Collect failing-job frequency keyed by job name. For the top three failing jobs, call get_job_logs in search mode to pull the most common error signature:

devboy tools call get_job_logs \
  '{"jobId":"<id>","pattern":"error|fail|panic","context":2,"maxMatches":10}'

Keep only the error shapes that repeat across multiple runs — a single broken job is signal for the developer, not a pattern.

5. Cross-reference review feedback

For the same merged MRs:

devboy tools call get_merge_request_discussions \
  '{"key":"mr#482","limit":50}'

Group the discussion bodies by naïve keyword bucket (type-safety, error-handling, testing, naming, i18n, performance, security). Count how often each bucket appears across MRs. The top three buckets go into the report.

6. Produce the report

Markdown to stdout:

# Retro — last 7 days

## Skills with degraded success rate
- solve-issue — 6/10 success (was 9/10 the previous week);
  60% of failures retry more than twice; top summary:
  "gitlab returned 429".

## Frequent review feedback
- testing (mentioned in 9 MRs)
- error-handling (mentioned in 5 MRs)
- type-safety (mentioned in 4 MRs)

## Flaky CI signal
- integration::auth — 5/20 runs failed with "connection refused"
- clippy — 3/20 runs failed with "-D warnings" on a single rule

## Suggestions
- Add a 429 back-off to the get_issues call inside solve-issue.
- Update review-mr's checklist to call out type-safety explicitly.
- Investigate integration::auth — likely a race on the test fixture.

Omit sections with no entries. Keep the report tight; two screens of text at most.

7. End the trace

devboy trace end \
  --session-dir "$SESSION_DIR" --session-id "$SESSION_ID" \
  --skill retro \
  --outcome "$OUTCOME" \
  --summary "<N> sessions, <M> MRs, <K> jobs analysed"

Success criteria

The report is driven entirely by numbers pulled from traces, MR history, and pipeline data — no hand-waving.
Every suggestion points at a concrete skill, job, or feedback bucket.
The skill is idempotent: running it twice over the same window produces the same report (modulo clock drift in timestamps).

Guardrails

Never auto-create issues, never edit a SKILL.md, never post a comment. The suggestions are text for a human to read.
Redacted trace payloads (<redacted:credential>, <redacted:token-pattern>) are treated as opaque.

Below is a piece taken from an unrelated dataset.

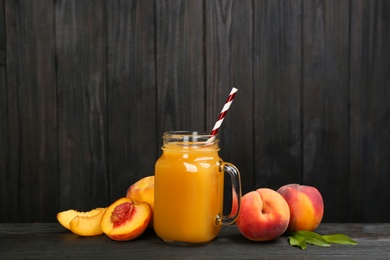 Photo of Natural peach juice and fresh fruits on black wooden table
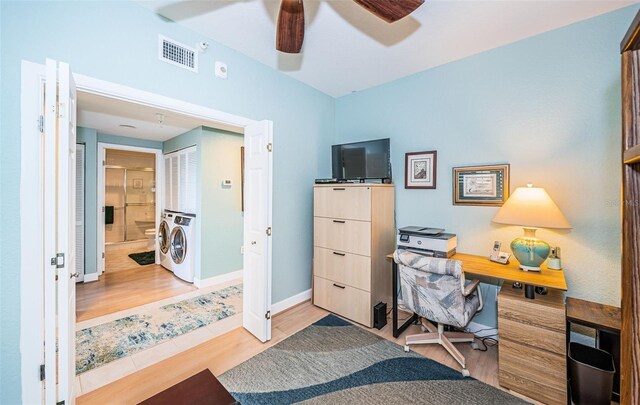 4801 Osprey Dr S Unit 508, Saint Petersburg, FL 33711 - office area featuring visible vents, baseboards, ceiling fan, wood finished floors, and washer / dryer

Count them, do not try to un-redact them.
If get_pipeline or get_merge_request_discussions fails, note the degradation in the report ("CI section omitted — pipeline lookup failed") rather than pretending everything is fine.

Non-goals

Does not compare across projects or repositories.
Does not score individual developers; retros look at skills and systems, not people.
Does not overlap with daily-report — that is a single-day summary, this one is a multi-day pattern detector.